• EXERCISE GOAL
Go through the listing and copy each line that has the string "Android" in it.

---------------

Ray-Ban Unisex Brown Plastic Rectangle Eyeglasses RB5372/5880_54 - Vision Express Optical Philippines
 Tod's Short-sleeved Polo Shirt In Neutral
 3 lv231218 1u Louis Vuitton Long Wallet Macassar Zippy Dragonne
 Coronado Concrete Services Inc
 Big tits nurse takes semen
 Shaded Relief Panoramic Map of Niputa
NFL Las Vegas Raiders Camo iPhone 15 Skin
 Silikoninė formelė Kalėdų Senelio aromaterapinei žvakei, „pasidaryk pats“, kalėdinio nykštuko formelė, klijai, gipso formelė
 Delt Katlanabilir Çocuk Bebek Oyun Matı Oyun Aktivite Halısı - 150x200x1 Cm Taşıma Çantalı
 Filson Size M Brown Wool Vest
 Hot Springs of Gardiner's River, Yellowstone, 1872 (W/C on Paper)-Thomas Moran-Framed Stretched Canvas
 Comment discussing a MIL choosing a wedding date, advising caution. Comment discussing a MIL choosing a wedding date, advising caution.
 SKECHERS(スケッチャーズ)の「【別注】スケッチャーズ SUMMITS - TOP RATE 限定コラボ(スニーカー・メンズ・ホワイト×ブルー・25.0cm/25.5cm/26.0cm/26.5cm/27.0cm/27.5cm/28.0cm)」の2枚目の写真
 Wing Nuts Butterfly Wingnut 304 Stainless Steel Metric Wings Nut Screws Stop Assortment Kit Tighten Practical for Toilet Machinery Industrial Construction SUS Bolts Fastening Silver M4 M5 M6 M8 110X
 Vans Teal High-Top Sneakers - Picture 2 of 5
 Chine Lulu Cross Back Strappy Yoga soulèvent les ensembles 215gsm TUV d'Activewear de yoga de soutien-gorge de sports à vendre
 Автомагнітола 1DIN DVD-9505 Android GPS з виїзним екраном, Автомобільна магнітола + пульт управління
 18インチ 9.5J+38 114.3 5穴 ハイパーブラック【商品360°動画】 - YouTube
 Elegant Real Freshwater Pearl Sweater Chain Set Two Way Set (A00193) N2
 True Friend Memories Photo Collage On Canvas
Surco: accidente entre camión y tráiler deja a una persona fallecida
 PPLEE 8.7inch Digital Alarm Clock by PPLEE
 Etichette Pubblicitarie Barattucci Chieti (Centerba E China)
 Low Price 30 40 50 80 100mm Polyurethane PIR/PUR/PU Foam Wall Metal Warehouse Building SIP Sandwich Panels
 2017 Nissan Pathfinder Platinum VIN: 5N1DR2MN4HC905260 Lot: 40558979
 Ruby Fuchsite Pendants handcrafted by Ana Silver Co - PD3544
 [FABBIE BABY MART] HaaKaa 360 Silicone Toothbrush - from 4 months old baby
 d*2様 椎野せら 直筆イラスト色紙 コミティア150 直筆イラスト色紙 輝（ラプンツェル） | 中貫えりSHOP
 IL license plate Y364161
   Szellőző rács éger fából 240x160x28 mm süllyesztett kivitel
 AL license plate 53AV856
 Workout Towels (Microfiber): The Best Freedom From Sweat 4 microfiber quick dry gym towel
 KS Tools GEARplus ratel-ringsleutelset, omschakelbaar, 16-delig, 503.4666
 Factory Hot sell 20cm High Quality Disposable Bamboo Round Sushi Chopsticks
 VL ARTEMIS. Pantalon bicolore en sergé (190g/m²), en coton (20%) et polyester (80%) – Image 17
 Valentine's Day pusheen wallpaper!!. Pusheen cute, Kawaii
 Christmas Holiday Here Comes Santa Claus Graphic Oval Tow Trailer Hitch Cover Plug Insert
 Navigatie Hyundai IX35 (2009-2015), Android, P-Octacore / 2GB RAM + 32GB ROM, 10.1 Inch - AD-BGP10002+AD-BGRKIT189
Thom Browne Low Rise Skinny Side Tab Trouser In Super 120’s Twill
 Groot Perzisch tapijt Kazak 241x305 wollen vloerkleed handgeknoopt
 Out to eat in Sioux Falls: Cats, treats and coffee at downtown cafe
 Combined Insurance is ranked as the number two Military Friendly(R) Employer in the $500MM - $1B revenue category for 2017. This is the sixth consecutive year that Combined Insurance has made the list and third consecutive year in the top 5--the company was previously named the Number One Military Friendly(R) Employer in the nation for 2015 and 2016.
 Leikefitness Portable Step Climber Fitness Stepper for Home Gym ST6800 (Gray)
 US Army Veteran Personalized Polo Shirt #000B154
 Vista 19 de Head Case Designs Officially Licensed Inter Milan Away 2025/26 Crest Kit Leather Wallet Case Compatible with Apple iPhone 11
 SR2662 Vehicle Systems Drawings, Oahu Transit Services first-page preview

---------------

• TASK SOLUTION
 Автомагнітола 1DIN DVD-9505 Android GPS з виїзним екраном, Автомобільна магнітола + пульт управління
 Navigatie Hyundai IX35 (2009-2015), Android, P-Octacore / 2GB RAM + 32GB ROM, 10.1 Inch - AD-BGP10002+AD-BGRKIT189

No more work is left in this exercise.